Как реалист Канович менее склонен к парадоксам и драматическим эффектам. Он ведет свое повествование неспешно, подробно восстанавливая мелкие детали повседневного быта и иногда возвращаясь к уже сказанному. «Наша страна, ваше благородье, не Россиенский уезд, не Америка, а память. В ней мы вместе и живем: живые и мертвые, и те, которые еще не родились, но родятся под нашими крышами» – объясняет полицейскому уряднику Эфраим. Каменотес Эфраим, вырезающий из камня надгробия, могильщик Иосиф из «Птиц над кладбищем», да и бабушка Роха, являются своего рода alter ego автора, несмотря на то, что сами они были едва ли в состоянии сложить два слова на бумаге. В словах Эфраима открывается отношение Кановича к литературному ремеслу: «У каменотесов одна правда – каменная, вечная, как Моисеевы скрижали». Подлинная литература, имеющая своим основанием те самые библейские каменные скрижали, чужда общественному или политическому заказу, ибо «то, что можно высечь, нельзя заменить ни веселым враньем на площадях, ни покушением на губернаторов». По сути, романы Кановича – это эпические мацейв, резные надгробные камни на кладбище еврейской Литвы.

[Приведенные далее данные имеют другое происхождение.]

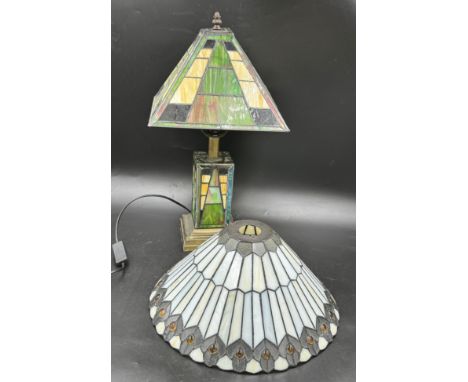 A contemporary Deco style Tiffany table lamp with shade approx 52cm h together with a separate shade 37cm diameter. 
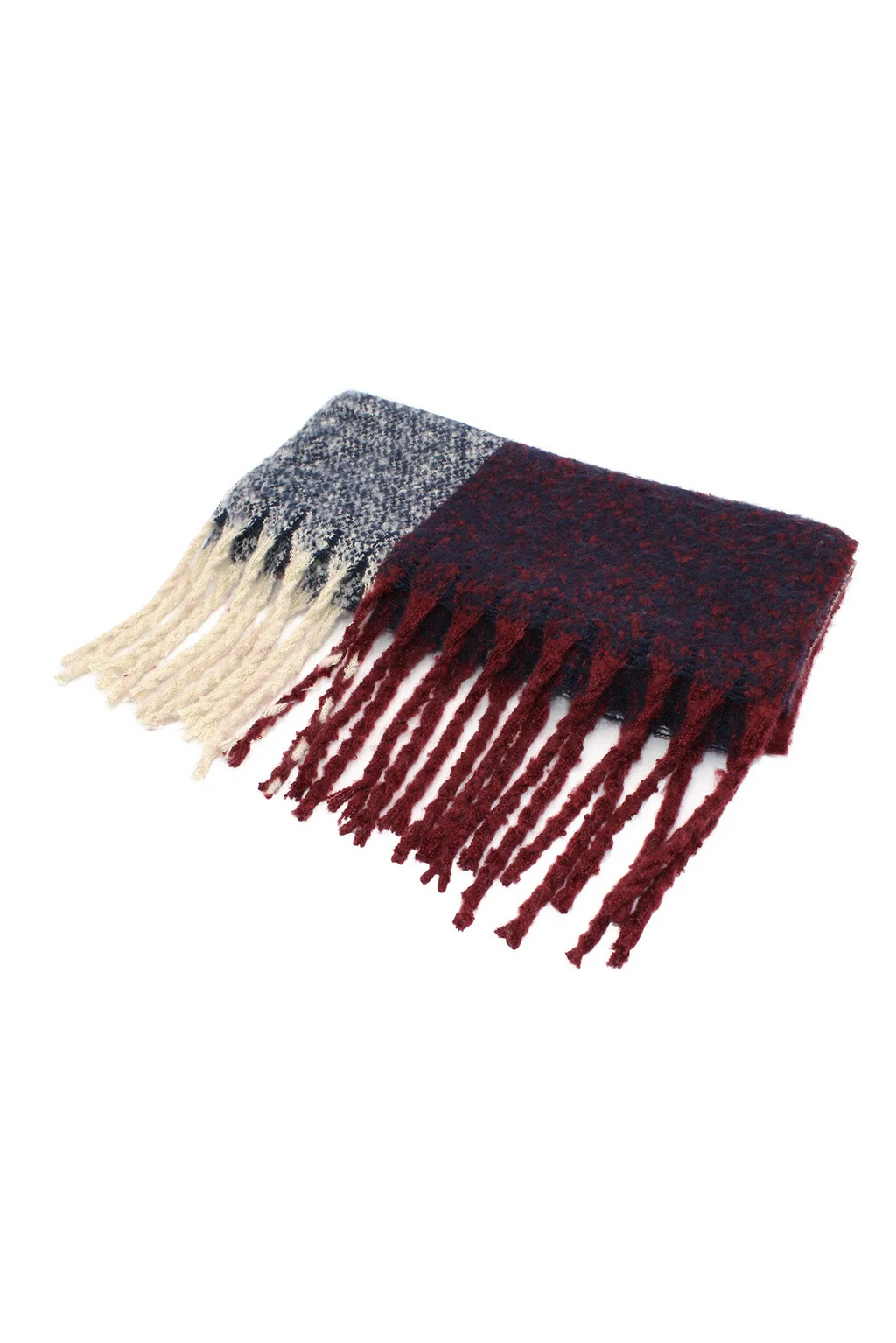 Giant Fluffy Scarf - Burgundy Sarah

Не случайно Даниил, герой «Птиц над кладбищем», обучается грамоте прямо на кладбище, где школьной доской его учителю служит каменное надгробие раввина:
Он вытащил из кармана сюртука мелок и что-то начертал на камне.
– Это твое имя, Даниил! Смотри и запоминай!
Я впился глазами в огромные буквы.
– Завтра его сам сто раз напишешь. А сейчас я его сотру. – Генех сорвал пучок травы, стер с надгробия надпись и сказал: – На сегодня, дружочек, хватит.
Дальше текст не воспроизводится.